Anoka-Hennepin School District Superintendent Dennis Carlson, and
Director of Special Education Mary Clarkson
Chronic underfunding of general education harms districts more than high special education costs
An Interview with The Civic Caucus
May 10, 2013
Present
Dave Broden, Dennis Carlson, Mary Clarkson, Pat Davies, Paul Gilje (coordinator), Randy Johnson, Sallie Kemper, Dan Loritz (chair), Dana Schroeder, Clarence Shallbetter. By phone: Audrey Clay, Janis Clay, Tim McDonald.
Summary
Anoka-Hennepin School District Superintendent Dennis Carlson and district Director of Special Education Mary Clarkson make the point repeatedly in the discussion that the real problem in funding is not the cost to the district of special education, but the chronic underfunding of general education. According to Carlson, $100 million of the district's $400 million budget goes to special education. About 12 percent of the district's 39,000 students receive special education services. In order to supplement funding from the state and federal governments, the district must draw $31 million a year from its general education fund to pay the full costs of special education. If the state and local governments would cover that cross subsidy, Anoka-Hennepin could hire 500 more teachers, which would cut class sizes and serve all students better. Carlson points out that serving special education students often costs far more than the revenue the students bring into the district. Clarkson reports that currently there are more students receiving services for autism than for learning disabilities, a turnaround from seven years ago. She says that school districts now bear the responsibility of educating students with intense needs, who might have been institutionalized in the past. She would reduce paperwork in special education by reducing the number of individualized education plans (IEPs) by 70 to 80 percent, focusing rather on program growth for all students. Carlson concludes by saying that school districts are in the business of "tough love," trying to balance underfunding with the expectations of parents.
Introduction
Dennis Carlson is superintendent of the Anoka-Hennepin School District, ISD 11, the largest school district in Minnesota, with an enrollment of 39,000 students. He began his career as an art teacher in Mercer (WI) Common School District. He spent one year as recreation supervisor at a youth center in Kenosha, WI, and then became a community education director, serving in the Glencoe and Elk River school districts and at Anoka-Hennepin, beginning in 1986. He held that position until 2003, when he was appointed assistant to the superintendent, and, finally, superintendent in 2008.
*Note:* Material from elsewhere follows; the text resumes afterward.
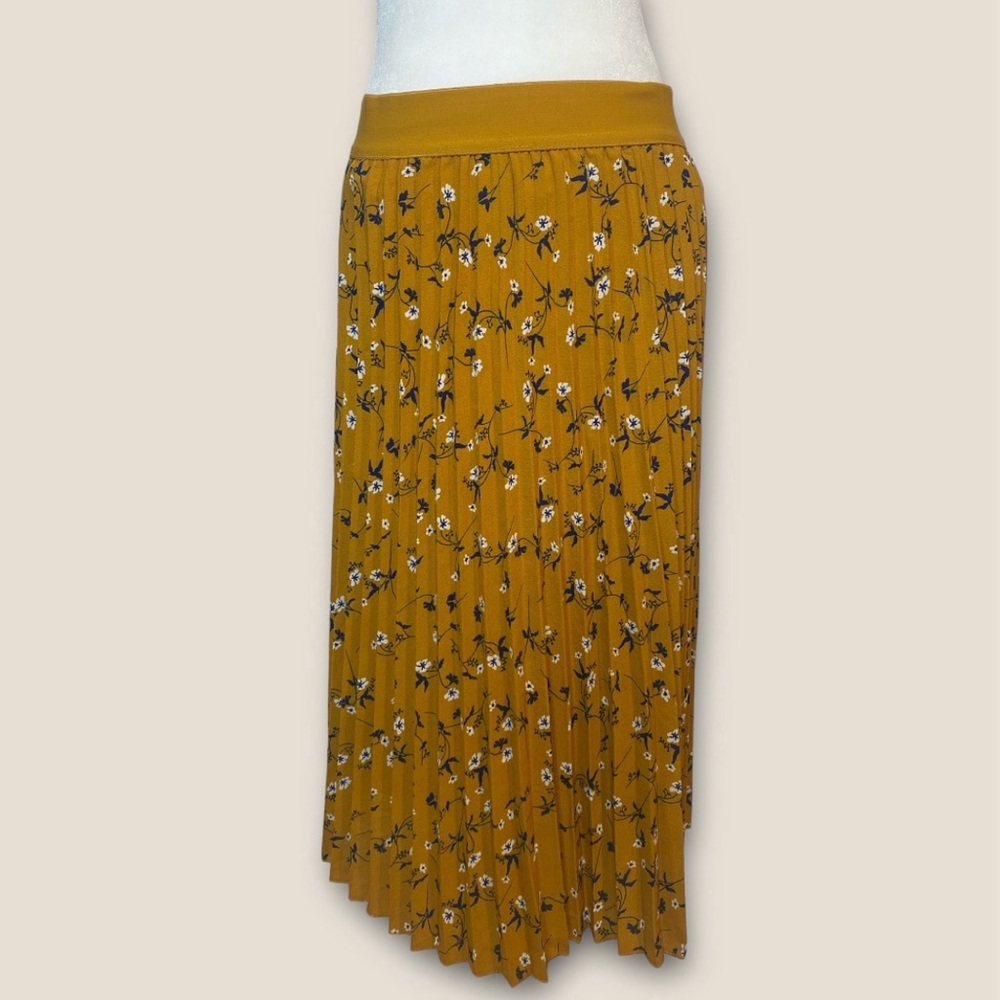 Andi & James Skirt size M.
He has held many leadership positions, serving on the Minnesota Community Education Association board for five years, including a year as president. He was co-chair of the National Council of State Community Education Associations and served on the board of the National Community Education Association. He was also co-chair of the membership committee of the Minnesota Association of School Administrators and regional chair of the legislative committee for Schools for Equity in Education. In addition, he served as the president's appointee on the Minnesota School Public Relations Association Board of Directors and won that organization's District Leadership in Communication Award.
Carlson also earned numerous awards from the Minnesota Community Education Association, including its President's Award in 1983, Director of the Year Award in 1985, and Lifetime Achievement Award in 2003. He also earned the National Community Education Association's Special Service Award in 1985, as well as the organization's Outstanding Contribution to State Legislation Award in 2002.
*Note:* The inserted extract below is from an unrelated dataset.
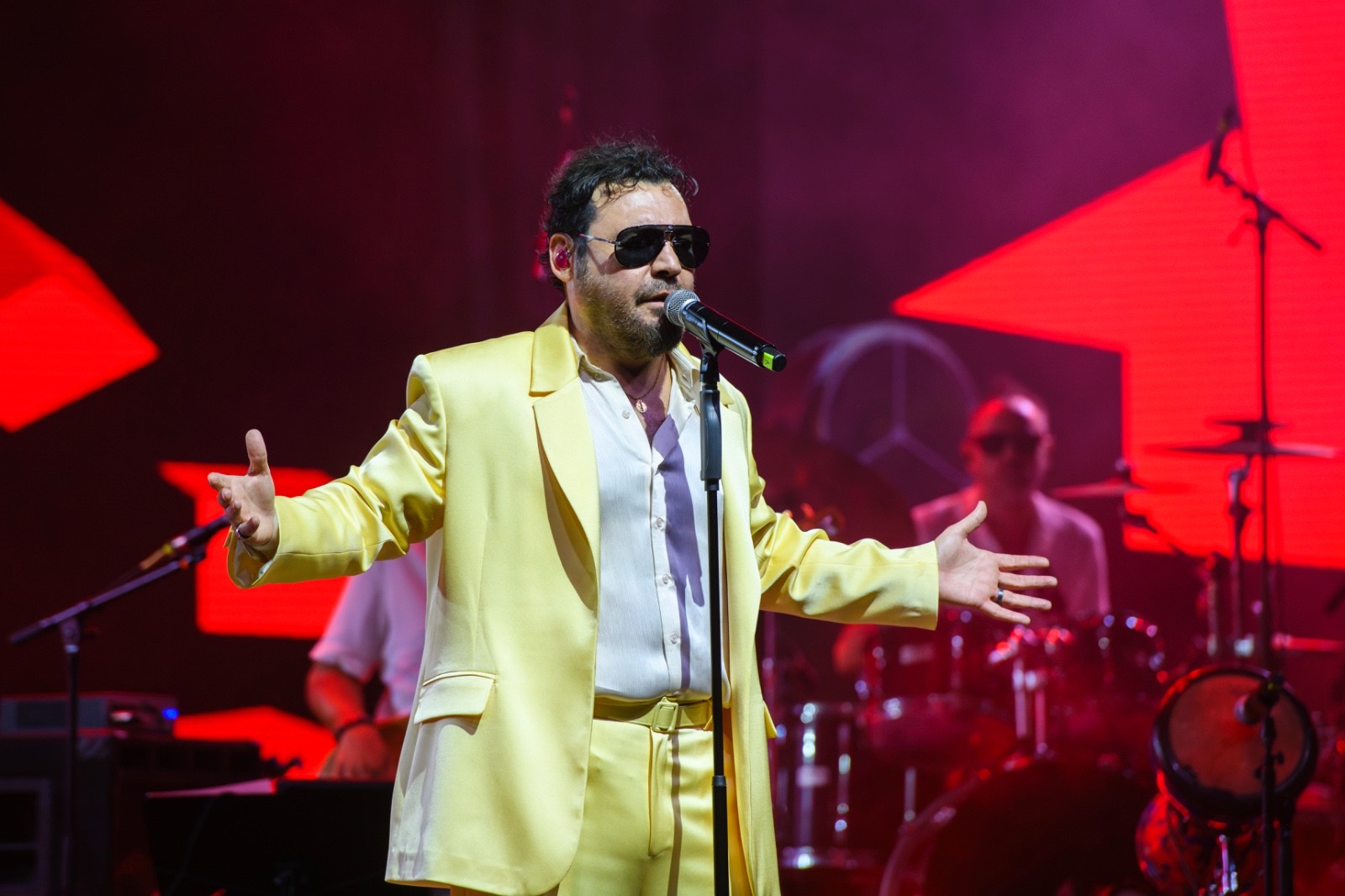 Yasemin Şefik Kulislere Dalıyor!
He earned a B.A. degree from the University of Minnesota in 1969 and an M.A. degree in Community Education from Mankato State University.
Mary Clarkson is director of special education in the Anoka-Hennepin School District, a position she has held since September 2008. She is responsible for the district's special education programs and services for children and young adults from birth to age 21. She oversees a district special education budget of $75 million.
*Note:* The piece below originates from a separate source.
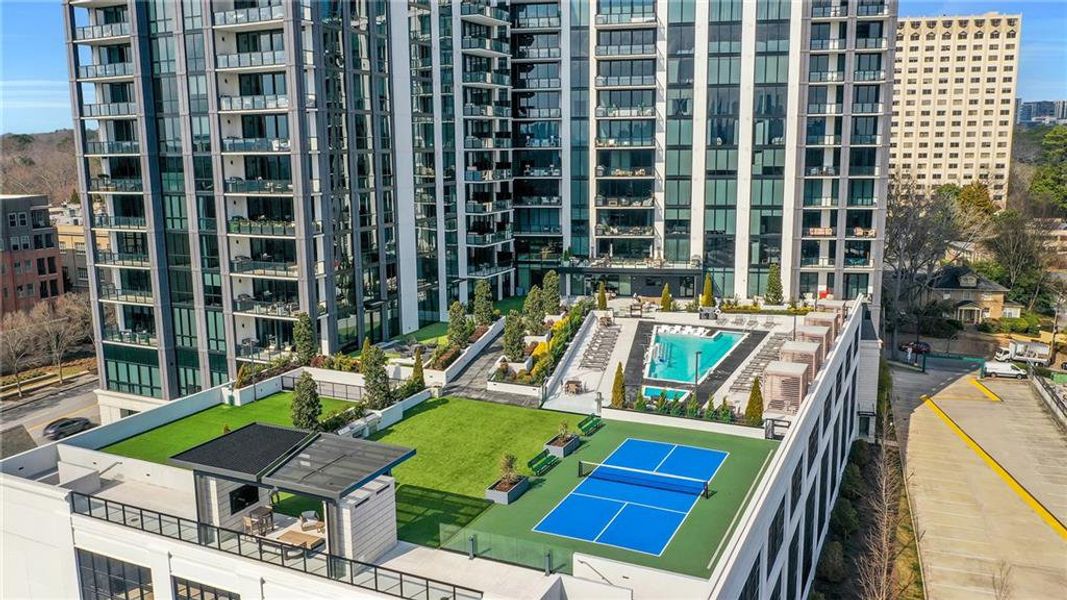 Condo located in Atlanta, GA showcasing its design and architecture (Image 28). Condo located in Atlanta, GA showcasing its design and architecture (Image 28).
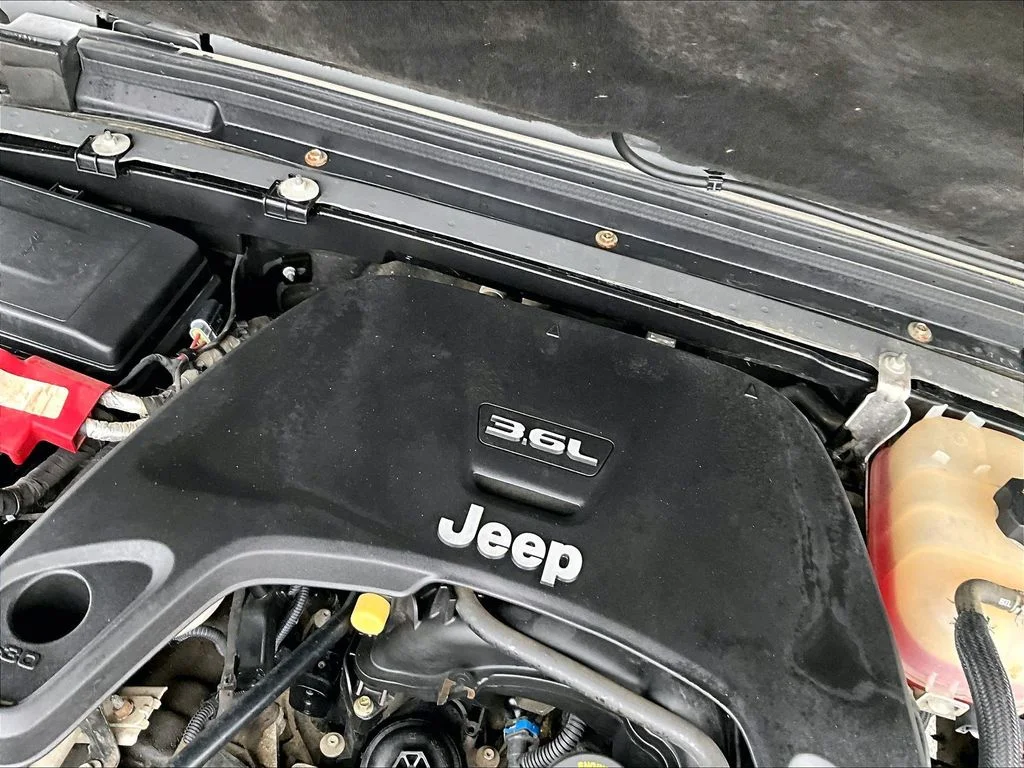 Used 2019 Gray Jeep Sport image 35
From 2005 through September 2008, Clarkson served as special education coordinator in the Rosemount-Apple Valley-Eagan School District (ISD 196). She coordinated and supported special education programming in eight K-12 schools. She was a special education consultant for the Blaine Cluster in the Anoka-Hennepin district from 2001 to 2005, where she supported special education staff in 13 K-12 schools. She started her career in 1996 as special education lead teacher at Centennial High School in Circle Pines, serving in the self-contained emotional and behavior disorder (EBD) program and Alternative Learning Center. From 1999 to 2001, she was a special education teacher at Century Junior High School in Lakeville.
Clarkson has served on the board of the Minnesota Administrators of Special Education (MASE) and won its 2013 New Special Education Leader Award. She has been Regional Directors Committee Chair for MASE. She has been an adjunct instructor at St. Cloud State University and Minnesota State University, Mankato.
She received her B.S. degree from St. Cloud State University in 1996; her Master's degree in special education and learning disabilities from Minnesota State University, Mankato, in 2004; her Director of Special Education credentials in 2005 and her Doctorate in Educational Administration and Leadership in 2013, both from St. Cloud State University.
Discussion
Anoka-Hennepin School District (ISD 11) is the largest school district in Minnesota.
According to Superintendent Dennis Carlson, the district serves 13 suburban communities spread out over 172 square miles north of Minneapolis and St. Paul. It operates 24 elementary schools, six middle schools (grades six through eight) and five high schools, plus alternative middle and high school sites. Its enrollment is 39,000 students, one-third of them living in poverty and one-fourth of them students of color. The district's five high schools range in size from 1,700 to 3,000 students. Among adults living in the district, Anoka-Hennepin has the lowest number of four-year college graduates in the metro area. It is located in the Sixth Congressional District and, according to Carlson, one-third of the residents are Democrats, one-third Republicans and one-third independents, who move either way. "It's been a politically charged school district," he said.
$100 million of Anoka-Hennepin's $400 million budget is for special education.
Carlson said about 12 percent of the district's 39,000 students receive special education services. That's about the state average. Mary Clarkson, the district's director of special education, said Anoka-Hennepin gets $7 million in federal funds for special education. That will be lower with the sequestration, she said.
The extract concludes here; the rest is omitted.